I must ask you if are you able to say, “My heavenly Father is in love with me! He says I’m sweet and lovely in his eyes and I believe him. I know no matter what I go through, or how tempted or tried I become, he’ll rescue me. He’ll hover over me through it all, never allowing me to be crushed. He’ll always be kind and tender to me!”

This is when true communion begins. We’re to be convinced each day of God’s unchanging love for us. And we’re to show him we believe his revelation about himself. John writes, “We have known and believed the love that God hath to us. God is love; and he that dwelleth in love dwelleth in God, and God in him” (1 John 4:16).

Thursday, January 1, 2009


Many Christians talk about intimacy with the Lord, walking with him, knowing him, having fellowship with him. But we can’t have true communion with God unless we receive into our hearts the full revelation of his love, grace and mercy.

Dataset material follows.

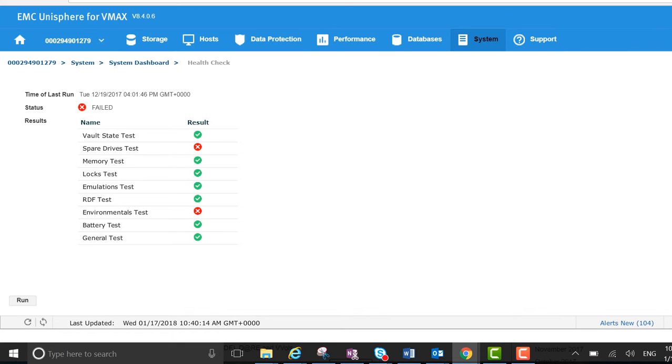I've actually run this earlier because typically the health check takes about 2 to 3 minutes to run, so I just wanted to capture it. We see we have a status of failed here. That's due to the spare drives test returning as failed, which had a knock-on effect on the environmental test.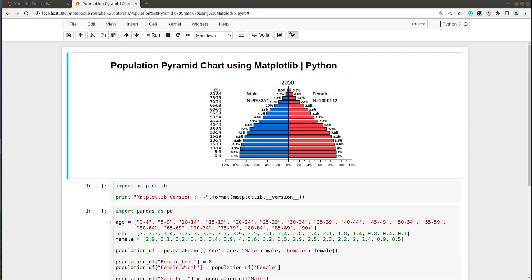Hello and welcome to Coders Column. My name is Sunny Solankee and in today's video I will explain how to create a population pyramid chart using Python data visualization library Matplotlib. We'll be creating charts in Jupyter Notebook, so without further ado let's get started. As you can see on my screen I already have a Jupyter Notebook open.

Communion with God consists of two things:

1. Receiving the love of the Father, and
2. Loving him in return

You can spend hours each day in prayer, telling the Lord how much you love him, but that isn’t communion. If you haven’t received his love, you haven’t had communion with him. You simply can’t share intimacy with the Lord unless you’re secure in his love for you.

I know when I come to my Lord, I’m not coming to a hard, fierce, demanding Father. He doesn’t wait for me with an angry countenance, anxious to put a rod to my back. He doesn’t trail me, waiting for me to fail so he can say, “I caught you!”

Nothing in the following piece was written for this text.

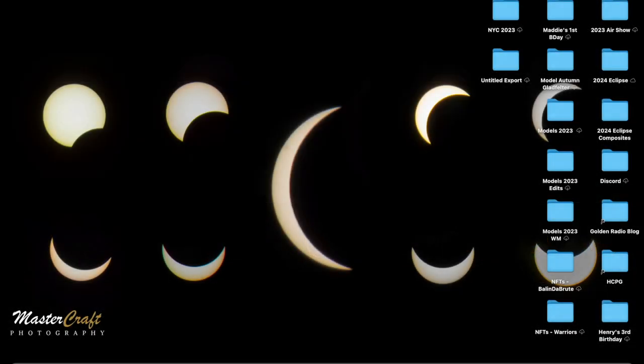Hello everyone, this is Rob from Mastercraft Photography. Today I'm going to show you the step-by-step process of how I made my composite image of the 2024 solar eclipse.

No, I’m coming to a Father who has revealed himself to me as pure, unconditional love. He’s kind and tenderhearted, full of grace and mercy, anxious to lift all my cares and burdens. And I know he’ll never turn me down when I call on him.

That’s why I’m to come into his courts with praise and thanksgiving because I’m thankful for who my God is. He cares about everything concerning me! (See Psalm 100.)

The prophet Zephaniah says something incredible about God’s love for us. He writes, “The Lord thy God in the midst of thee is mighty; he will save, he will rejoice over thee with joy; he will rest in his love, he will joy over thee with singing” (Zephaniah 3:17).

This verse tells us two important things about how the Lord loves us:

1. God rests in his love for his people. In Hebrew, the phrase “He will rest in his love” reads, “He shall be silent because of His love.” God is saying, in essence, “I’ve found my true love, and I’m totally satisfied! I don’t need to look elsewhere, because I have no complaint. I’m completely fulfilled in this relationship, and I won’t take my love back. My love is a settled matter!”
2. God gets great pleasure from his people. Zephaniah testifies, “He rejoices over you with singing.” He is saying, “God’s love for you is so great, it puts a song on his lips!”

To rejoice means “to have joy and delight.” It’s an outward expression of internal delight. It’s also the highest expression of love. The Hebrew word Zephaniah uses for “rejoice” here is tripudiare meaning, “to leap, as one overcome with joyful ecstasy.”
Can you conceive of your heavenly Father being so in love with you that he leaps with joy at the very thought of you?

Can you receive his word that he loved you before the world was created, before humankind existed, before you were even born? Can you accept that he loved you even after you fell into Adam’s sinful ways and became an enemy to him?